The man who was accused of withholding the get – Yisrael Meir Kin, above – has issued a video statement in which he claims that he had, in fact, already granted the woman a get, and that reports of his recalcitrant behaviour was “fake news”.
Kin said he provided a get for his wife at the Beit Din of Shaarey Mishpat, which is headed by Rabbi Tzvi Dov Abraham of Monsey.
This outfit is not recognised by any rabbinical organisation in North America nor by the chief rabbinate in Israel.
The body of Kin’s mother’s body arrived in Israel on Monday night. A Tuesday morning burial was scheduled, but did not take place until hours later, after the religious divorce was reportedly granted. Kin did not travel to Israel for the burial because he could have been arrested for get refusal.
The rabbinical court of the Union of Orthodox Rabbis of the United States and Canada had asked Lau to withhold the burial and and noted in a letter to the Chief Rabbinate that the man’s mother had supported him in his decision to keep his wife an agunah, or chained woman. Lau in a statement on Tuesday announced that he would comply with the request to delay the burial.
Lau later said that Kin’s family had placed a $20,000 bond to ensure that he would produce the get for his wife in front of a rabbinical court when one was arranged.
But Kin says in the video that neither Lau nor anyone from the chief rabbinate contacted him nor did he or his family place a deposit to insure the get. He also pointed out that he is related to Lau by marriage through his wife. Thus Lau had:
An interest in doing this heinous crime against my mother.

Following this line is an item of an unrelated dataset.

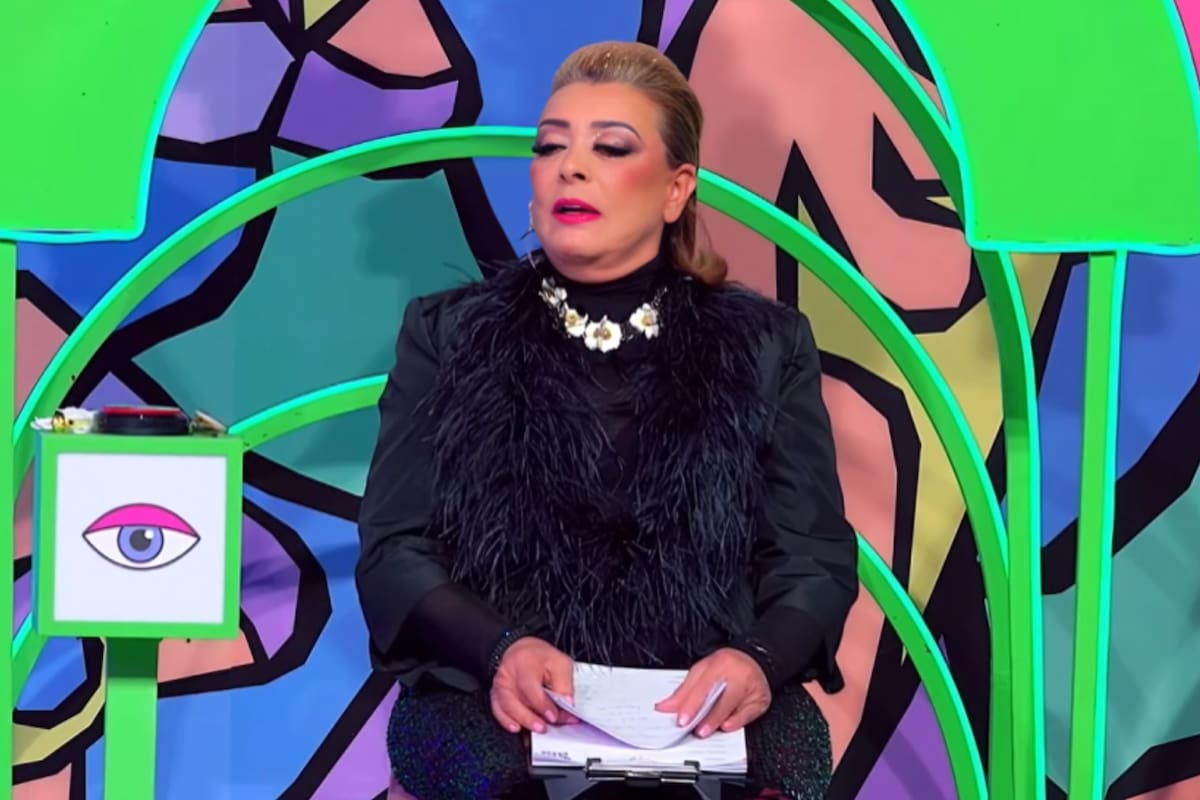 Sylvia Pasquel rompe en llanto en emotivo homenaje a Silvia Pinal en “La Más Draga 7”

And he accuses the chief rabbinate of “corrupt activities” and “going against tradition to fulfill its evil deed”.
The New York Times in 2014 reported that Kim, who had remarried, was demanding $500,000 and full custody of their then-12-year-old son in exchange for the divorce.
Kin and his wife, Lonna, the parents of one child, had been separated for four years, and though a civil divorce had already been granted, he refused to appear before a recognised rabbinic court to grant her a get. Without it, she was unable remarry and was considered an agunah.

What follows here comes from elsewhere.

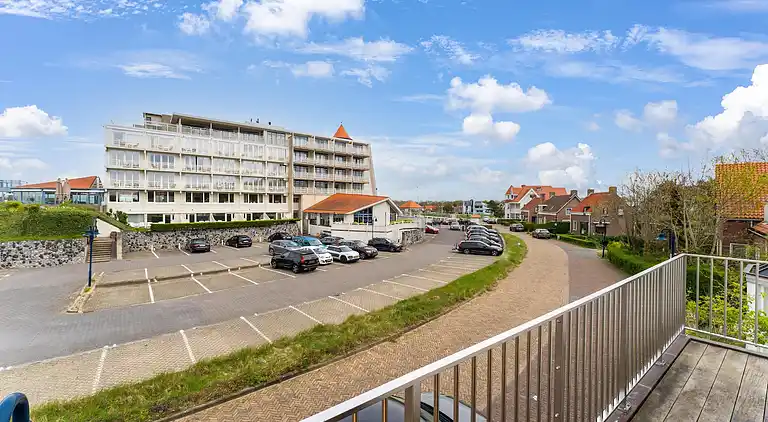 Ferielejlighed i Cadzand-Bad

The Rabbinical Council of California (RCC) issued a seiruv, or letter of contempt, against Kin in March 2007 for refusing to appear before the beit din, a rabbinic judicial panel.
Kin comes from a prominent Los Angeles Orthodox family – both his parents are longtime educators in the Beverly-La Brea area, and his brother, Rabbi Elyahu Kin, is a leader at the outreach organisation Torah Ohr. Another brother is president of an Orthodox congregation.
The chief rabbinate denied Kin’s claims:
We regret that the refuser continues his crooked conduct and is now attacking the Beit Din (rabbinical court).